### What is being asked
Once you reach the end of the data, transcribe all of it exactly.
--- Data excerpts Enclosed Below ---
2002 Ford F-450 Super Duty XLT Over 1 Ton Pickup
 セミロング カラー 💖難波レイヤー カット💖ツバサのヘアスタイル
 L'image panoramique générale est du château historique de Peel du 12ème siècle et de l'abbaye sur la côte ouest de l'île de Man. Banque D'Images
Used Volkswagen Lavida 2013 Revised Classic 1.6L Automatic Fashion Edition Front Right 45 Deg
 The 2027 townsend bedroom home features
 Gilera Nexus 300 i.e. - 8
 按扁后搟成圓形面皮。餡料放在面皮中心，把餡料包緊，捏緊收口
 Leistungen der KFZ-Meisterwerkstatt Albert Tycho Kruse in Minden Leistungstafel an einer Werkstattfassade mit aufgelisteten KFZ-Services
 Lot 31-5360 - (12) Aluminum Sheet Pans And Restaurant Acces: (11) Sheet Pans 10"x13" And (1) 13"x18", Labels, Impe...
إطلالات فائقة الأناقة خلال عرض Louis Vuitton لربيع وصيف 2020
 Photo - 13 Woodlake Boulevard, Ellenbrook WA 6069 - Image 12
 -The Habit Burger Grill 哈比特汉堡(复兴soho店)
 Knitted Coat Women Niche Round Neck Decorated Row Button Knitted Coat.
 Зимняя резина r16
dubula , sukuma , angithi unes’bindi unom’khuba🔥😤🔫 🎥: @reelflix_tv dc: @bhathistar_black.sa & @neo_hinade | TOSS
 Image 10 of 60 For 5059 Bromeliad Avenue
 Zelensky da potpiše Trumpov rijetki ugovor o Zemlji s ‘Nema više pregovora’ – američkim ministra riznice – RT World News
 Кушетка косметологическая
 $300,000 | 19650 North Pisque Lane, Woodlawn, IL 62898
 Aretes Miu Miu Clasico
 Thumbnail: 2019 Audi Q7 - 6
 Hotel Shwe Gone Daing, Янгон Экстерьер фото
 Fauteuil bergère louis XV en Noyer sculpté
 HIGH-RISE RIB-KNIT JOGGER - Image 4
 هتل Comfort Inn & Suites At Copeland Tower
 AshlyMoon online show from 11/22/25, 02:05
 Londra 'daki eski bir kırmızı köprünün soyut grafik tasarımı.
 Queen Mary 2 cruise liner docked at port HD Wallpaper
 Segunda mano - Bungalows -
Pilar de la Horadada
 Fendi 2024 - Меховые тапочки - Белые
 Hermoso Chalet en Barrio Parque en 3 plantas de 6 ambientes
--- End of Enclosed Data excerpts ---
### Expected answer
2002 Ford F-450 Super Duty XLT Over 1 Ton Pickup
 セミロング カラー 💖難波レイヤー カット💖ツバサのヘアスタイル
 L'image panoramique générale est du château historique de Peel du 12ème siècle et de l'abbaye sur la côte ouest de l'île de Man. Banque D'Images
Used Volkswagen Lavida 2013 Revised Classic 1.6L Automatic Fashion Edition Front Right 45 Deg
 The 2027 townsend bedroom home features
 Gilera Nexus 300 i.e. - 8
 按扁后搟成圓形面皮。餡料放在面皮中心，把餡料包緊，捏緊收口
 Leistungen der KFZ-Meisterwerkstatt Albert Tycho Kruse in Minden Leistungstafel an einer Werkstattfassade mit aufgelisteten KFZ-Services
 Lot 31-5360 - (12) Aluminum Sheet Pans And Restaurant Acces: (11) Sheet Pans 10"x13" And (1) 13"x18", Labels, Impe...
إطلالات فائقة الأناقة خلال عرض Louis Vuitton لربيع وصيف 2020
 Photo - 13 Woodlake Boulevard, Ellenbrook WA 6069 - Image 12
 -The Habit Burger Grill 哈比特汉堡(复兴soho店)
 Knitted Coat Women Niche Round Neck Decorated Row Button Knitted Coat.
 Зимняя резина r16
dubula , sukuma , angithi unes’bindi unom’khuba🔥😤🔫 🎥: @reelflix_tv dc: @bhathistar_black.sa & @neo_hinade | TOSS
 Image 10 of 60 For 5059 Bromeliad Avenue
 Zelensky da potpiše Trumpov rijetki ugovor o Zemlji s ‘Nema više pregovora’ – američkim ministra riznice – RT World News
 Кушетка косметологическая
 $300,000 | 19650 North Pisque Lane, Woodlawn, IL 62898
 Aretes Miu Miu Clasico
 Thumbnail: 2019 Audi Q7 - 6
 Hotel Shwe Gone Daing, Янгон Экстерьер фото
 Fauteuil bergère louis XV en Noyer sculpté
 HIGH-RISE RIB-KNIT JOGGER - Image 4
 هتل Comfort Inn & Suites At Copeland Tower
 AshlyMoon online show from 11/22/25, 02:05
 Londra 'daki eski bir kırmızı köprünün soyut grafik tasarımı.
 Queen Mary 2 cruise liner docked at port HD Wallpaper
 Segunda mano - Bungalows -
Pilar de la Horadada
 Fendi 2024 - Меховые тапочки - Белые
 Hermoso Chalet en Barrio Parque en 3 plantas de 6 ambientes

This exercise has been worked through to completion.